White House to share ransomware data with allies -source

General view of the White House in Washington

By Trevor Hunnicutt and Zeba Siddiqui

WASHINGTON (Reuters) - The White House is working to finalize as soon as Tuesday a new policy outlining how governments should respond to ransomware attacks, including sharing information on attackers and the accounts they use to collect ransoms, a senior administration official with knowledge of the matter said.

Ransomware is a type of cyberattack where hackers lock up a victim organization’s systems and demand ransom in exchange for unlocking it. It hits a range of industries every year, from schools and hospitals to critical infrastructure departments and the government. Analysts say ransomware attackers also increasingly steal sensitive data to extort victims.

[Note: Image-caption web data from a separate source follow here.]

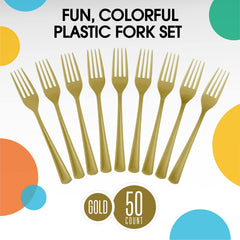 Heavy Duty Gold Plastic Forks - 7.5 in. | 100 Count
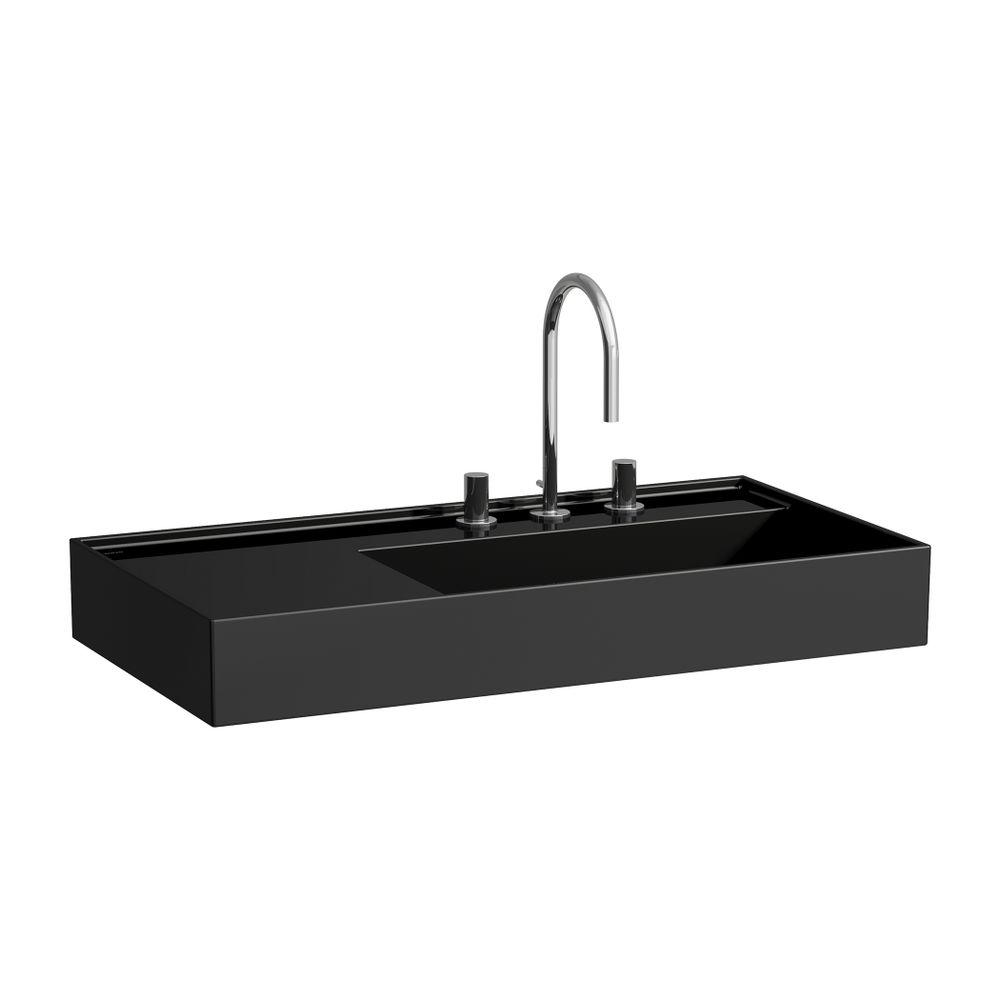 Vasque Laufen Kartell 460x900x150mm, rangement à gauche, avec 3 trous de robinet, sans trop-plein, évacuation dissimulée, noir brillant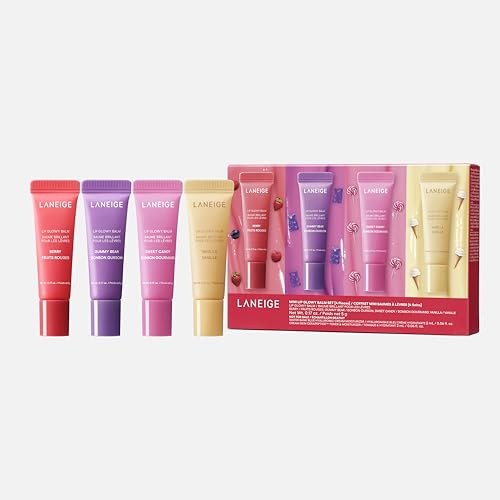 LANEIGE Mini Lip Glowy Balm Set - Feuchtigkeitsspendender und glänzender Lippenbalsam in 4 Geschmacksrichtungen von LANEIGE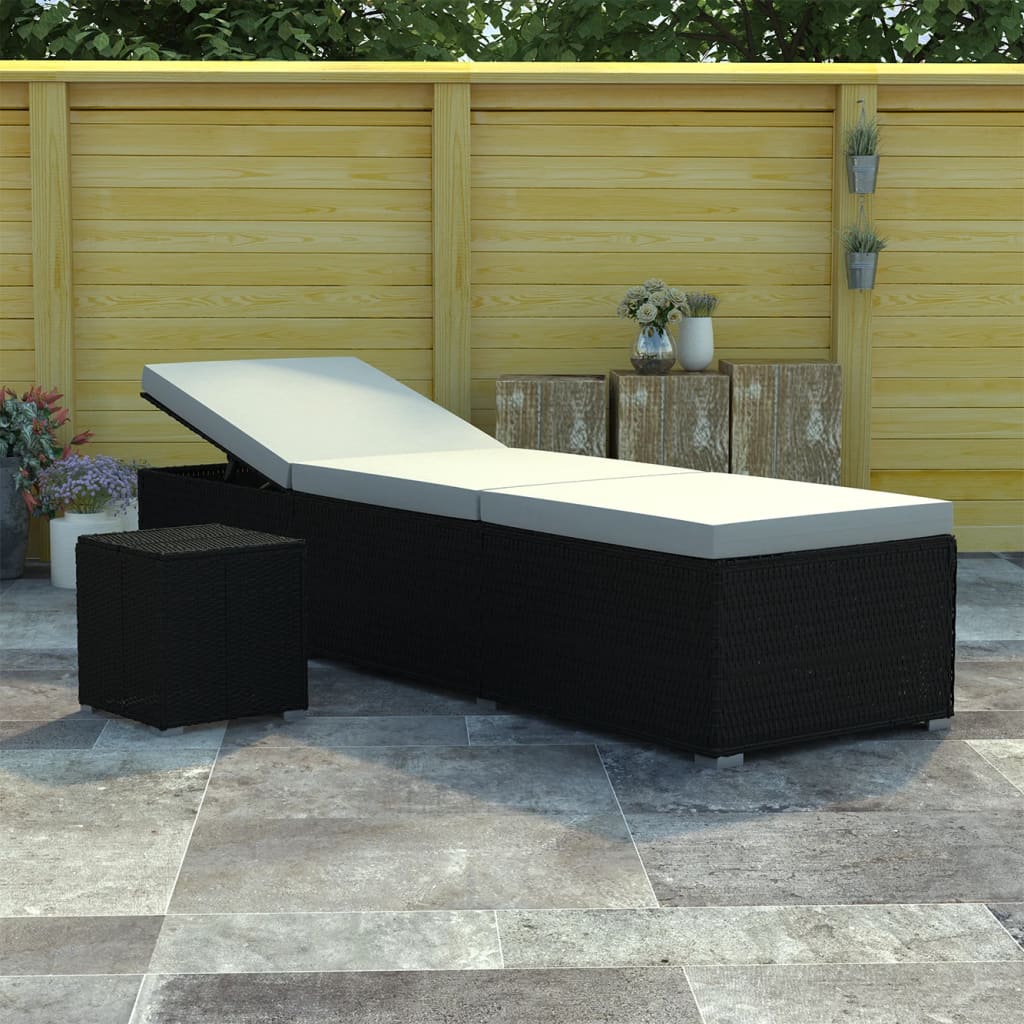 Sun Lounger | Black, Cream White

The White House has long advised against paying ransoms and has been pushing other countries to make the same commitment.

During the third International Counter Ransomware Initiative, the administration will announce “significant” outcomes, including initiatives for sharing information on the ransomware attackers between counties.

“We're committing to sharing bad wallets - wallets that are used to move illicit ransom funds - as well as a number of other related projects,” the official said.

Figuring out the scale of ransomware attacks can be tricky because many companies don’t report them. According to the data platform Statista, globally organizations detected 493.33 million ransomware attack attempts last year.

The criminals behind these hacks often used data from victims in one country to wage attacks on organizations in another country, which makes alliance across countries essential in fighting them, the official said.

A U.S.-led alliance aimed at tackling these threats now includes 50 countries – from Nigeria and Costa Rice to Singapore and South Korea – said the official, adding that the Interpol and the European Union were also part of it.

That geographical breath reflects the U.S. government belief that “we have to work to ensure that all the digital connectivity we rely on for our citizens is secure,” said the official.